Harness SEI SLIs
This is a Harness operational reference guide for all the Service Level Indicators (SLIs) across the Harness Software Engineering Insights module. Our SLO gets calculated based on these user centric SLIs.
Weightage factor
Harness operations apply a weighting factor to the SLIs post any incidents.
- Major outage = 100% of the downtime hit
- Partial = 30% of the downtime hit
- Degraded performance = None. This is because our stance is that a degraded performance does impact the user experience but it’s not technically downtime.

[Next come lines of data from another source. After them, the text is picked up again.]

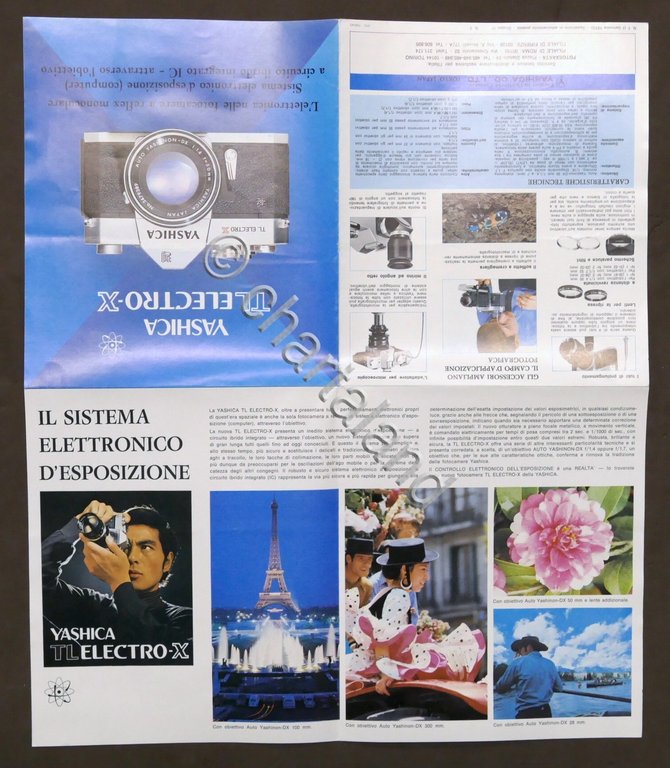 Brochure fotocamera reflex - Yashica TL Electro X - 1970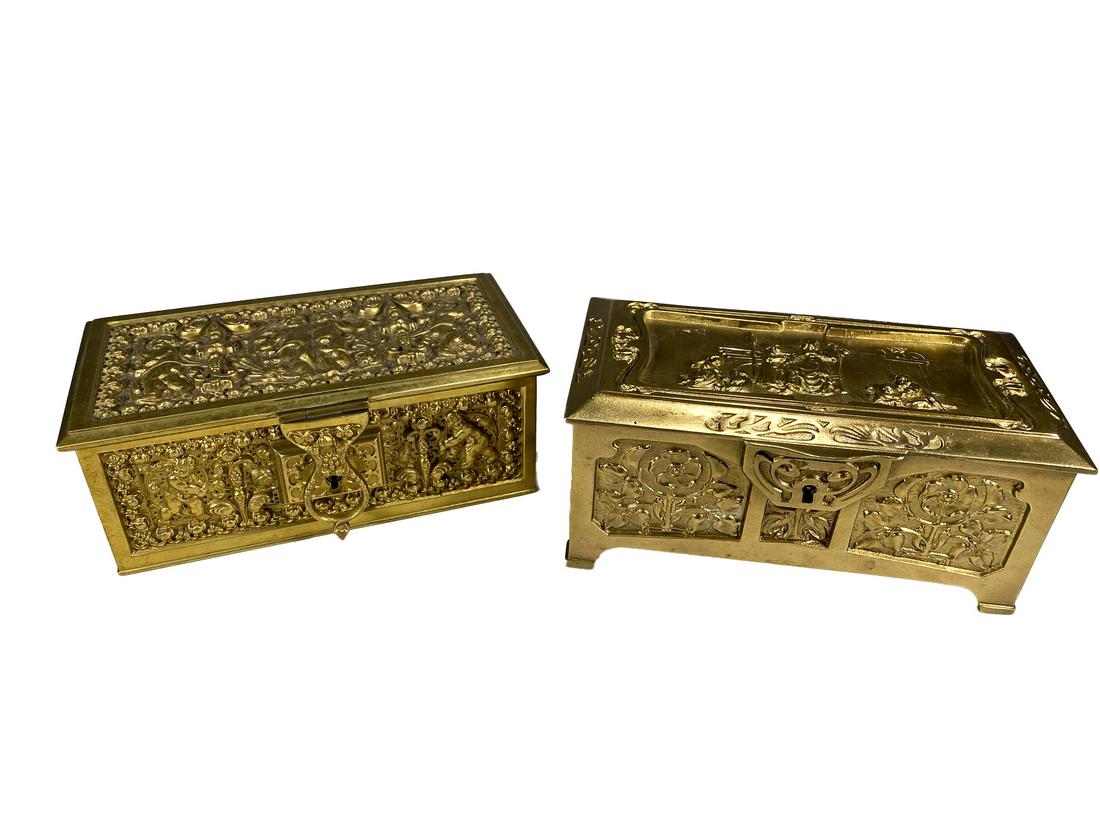 2 Antique French Gilt Bronze Boxes (1 of 14)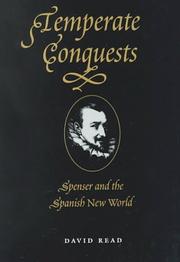 Cover of: Temperate conquests: Spenser and the Spanish New World
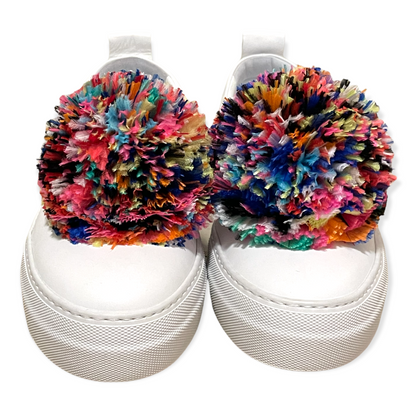 Eugenia Kim Feather Pom-Pom Slip-on Sneakers - main product photo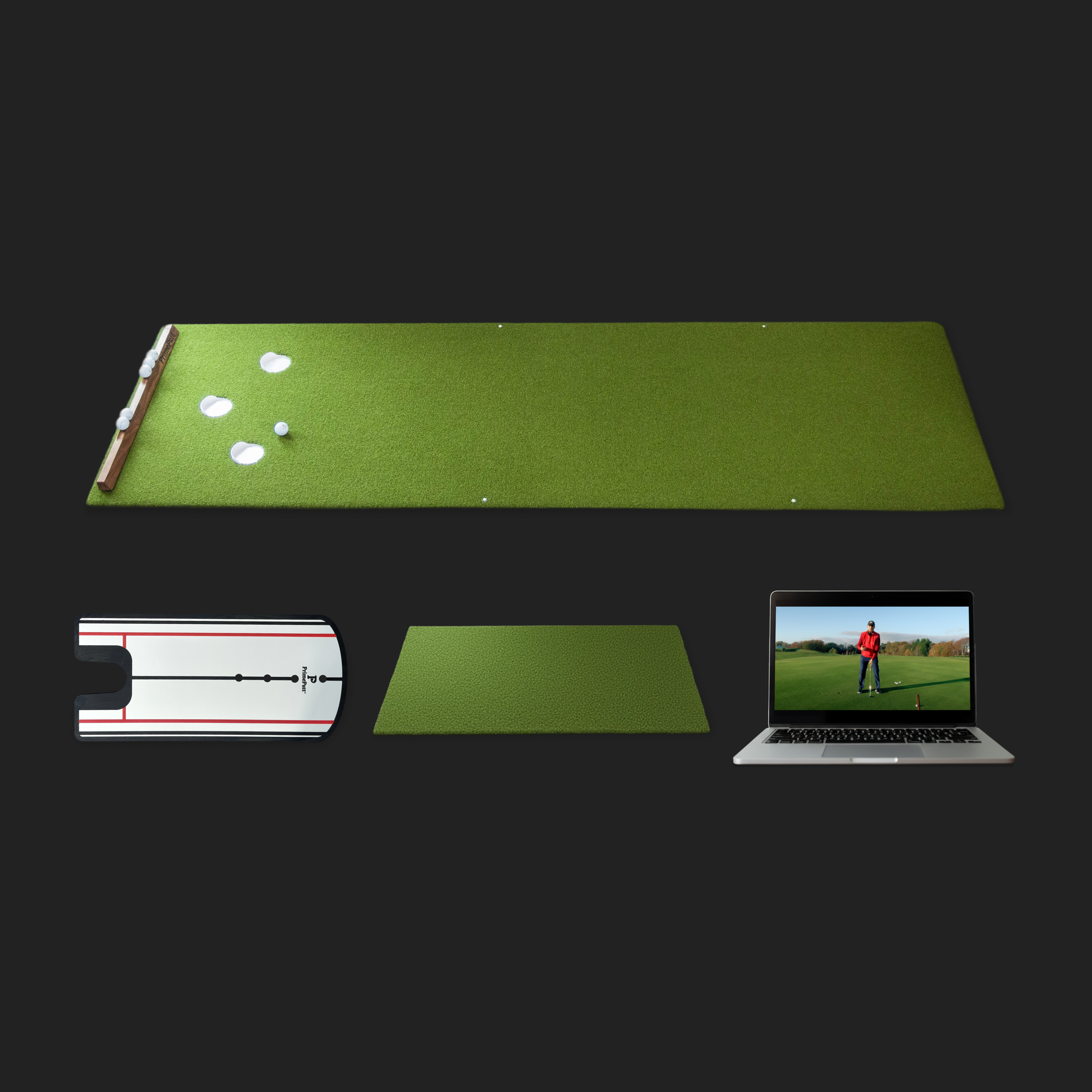 A single green leaf against a white background.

A production incident, commonly known as an "incident," is an unexpected event or problem that arises within our live production environments, resulting in either complete or partial service disruptions. In the case of a partial incident, it renders one or more functions of a module nonfunctional or inaccessible. All production incidents are posted in our status page (https://status.harness.io) and our users can subscribe to the feeds from this site to get notified.
SEI SLIs
SLI | Threshold | Availability |
---|---|---|
APIs Error rate | More than 5% over 5 min rolling window | Major outage |
API Response Time | 95th percentile: > 2s over 5 min rolling window | Degraded performance |
Ingestion & data processing delay | Delay of more than 72 hours for the latest data to appear on the dashboard. This threshold excludes delays caused by pending customer actions. In the event of failures, processing historical data may take additional time depending on the volume of data that needs to be backfilled. | Degraded performance |
Changes, upgrades, or issues in third-party integrations can sometimes lead to delays in data ingestion and processing.
While these delays do not indicate an internal failure, they can affect the timeliness of data availability. To address this, our system will send in-product notifications to keep users informed, ensuring transparency and reducing any unnecessary concerns.